Dans de nombreux marchés boursiers internationaux les parties, les agents, les individus et les établissements ne se connaissent pas entre eux et ne traitent qu’avec les courtiers et les teneurs des marchés. Ils sont tous des intermédiaires qui réalisent des bénéfices et des gains à partir de transactions gagnantes ou perdantes.

Que fait le courtier pour gagner plus que sa commission ?
Il peut recourir à l'octroi de crédit formel et informel, il peut aussi recourir au comportement d’"al-Bûla" et diffuser des rumeurs et même les utiliser dans la propagation des rumeurs et des fausses informations véhiculées par certaines sociétés et structures amies travaillant dans le domaine de l'analyse technique et financière.

Le courtier peut également utiliser les noms des agents à leur insu après lui avoir signé sur un blanc des ordres d'achats et de ventes. Sans parler des autres ruses innombrables auxquelles recourent, dans différents pays, un nombre de professionnels de ce métier.

Il y a aussi la direction de la gestion et de la surveillance du marché boursier et les structures de compensation et de règlement qui sont toutes supposées faire preuve de neutralité et d'indépendance et être soucieuses de la sauvegarde des biens de tous les agents.

On doit à la vérité de dire – toute proportion gardée - que personne ne met en cause l'intégrité de la gestion des casinos de Las Vegas, la capitale du jeu. Il est de l’intérêt de la direction de la gestion du marché boursier, toutes dénominations et structures confondues, de faire en sorte que, autant que possible, l’opération de négociation se passe avec la plus grande transparence et neutralité.

Est-ce que de telles pratiques, de la part du vendeur, de l'acheteur, du courtier et des structures d'analyse, sont des pratiques irrégulières dans le marché égyptien et qu’elles ne sont pas valables pour servir de référence pour interdire les transactions sur le marché boursier égyptien ?

La réalité de la situation nous indique que de telles pratiques sont la règle prévalant au niveau de la Bourse et que, s’il y a autre chose, c’est l’exception qui ne peut servir de référence.
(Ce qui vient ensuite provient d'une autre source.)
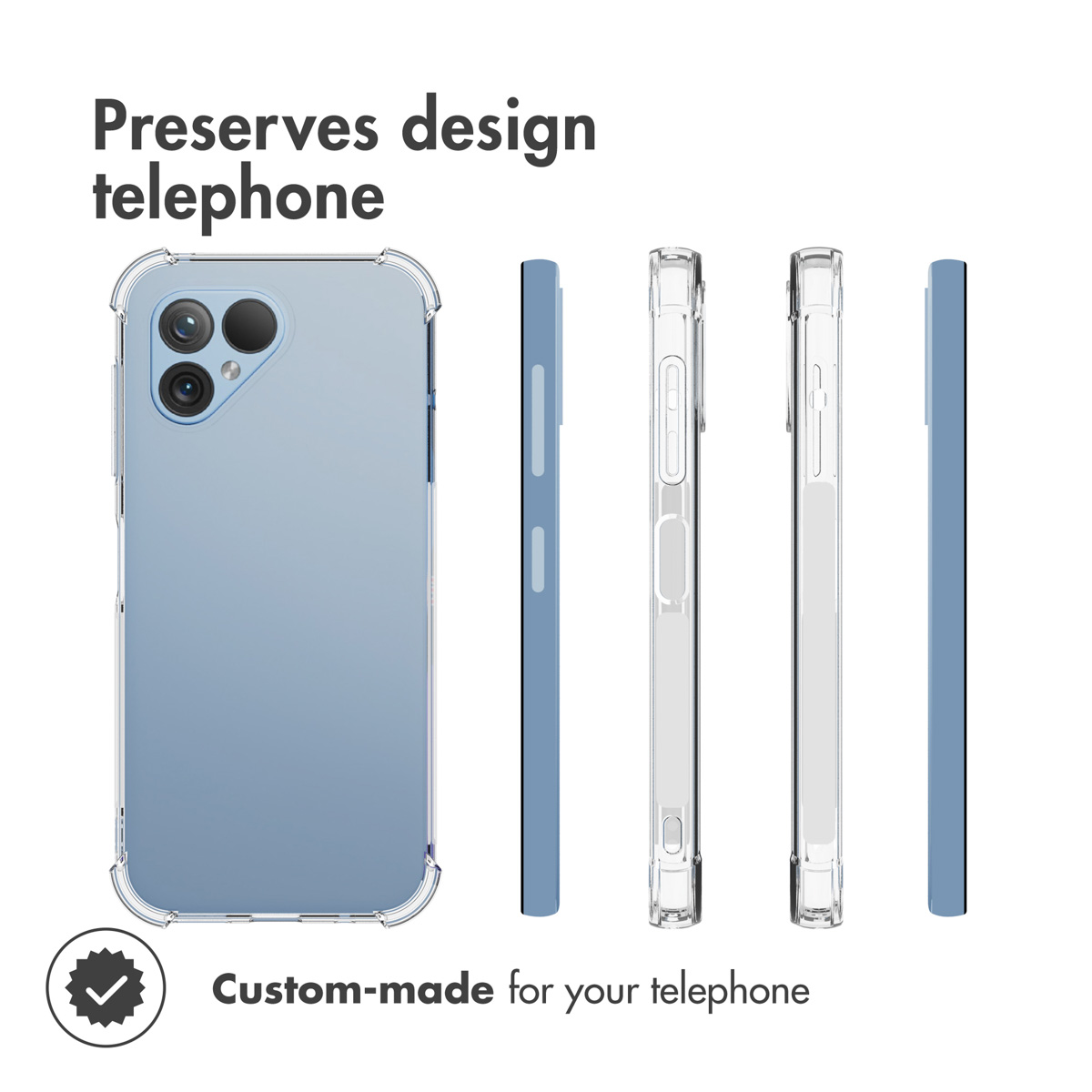 Custodia per telefono blu trasparente mostrata da varie angolazioni con testo.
Ici je ne suis pas en position de lancer des accusations et donc je ne demande pas qu’on me fournisse, preuve à l’appui, des statistiques que personne n’est en mesure de cerner.
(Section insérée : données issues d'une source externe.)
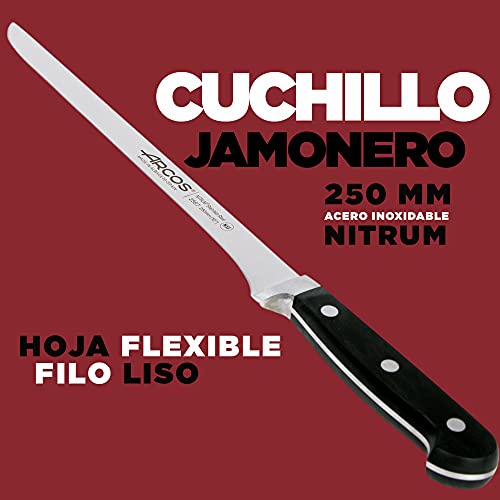 Miniatura 4 de Arcos Cuchillo Jamonero Cuchillo Deshuesador 2 Uds Set Cuchillos Jamoneros 250 Mm Y Cuchillo Deshuesador 140 Mm Jamonero Profesional Cuchillo Carnicero Profesional Eco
Il est du devoir de tous ceux qui ont des questions à poser dans ce domaine (fatwas) de sonder leurs cœurs avant de mettre leur argent dans une bourse dans le monde pour se demander s’ils sont à l'abri de la pratique de la fraude, de la manipulation et des fausses suggestions visant à réaliser des gains ?

Décident-ils d’engager des opérations d’achats avec telle ou telle société tout en étant avertis ou conscients de son activité et de ses gains ? Sont-ils à l'abri de la manipulation du courtier pour qu’il ne leur fasse pas réaliser des gains auxquels ils n’ont pas droit ?

Et puis, tout compte fait, est-ce que ceux qui, avec leur argent, ont fui les banques en raison d’une suspicion usuraire dans leurs transactions savent qu'ils traitent avec ces banques soit en y participant à travers l’achat de leurs actions, soit en y déposant leurs actions par des dépositaires ou, au mieux, par les nombreuses et entremêlées transactions avec la société de courtage qui a diverses activités de crédit et qui peut parfois confondre les comptes des clients ?

Autant donc de questions que l’on doit poser et se poser avant de repartir, la conscience tranquille, forts de la fatwa qui décharge la bourse de la suspicion de l'interdiction.

Par ailleurs, avant de demander une fatwa à des oulémas, il faut que ceux-ci soient parfaitement avisés de la toile de fond de l'activité boursière afin que la fatwa puisse correspondre à la réalité de la situation.

Il reste à signaler qu’on n’a pas abordé les outils de la dette, les dérivés et autres produits d’indicateurs ainsi que le climat et ce qui est connu conventionnellement par dérivés exotiques.

Quant aux titres islamiques, il s’agit d’une autre question qui nécessite un ou plusieurs articles dont la place n’est pas ici.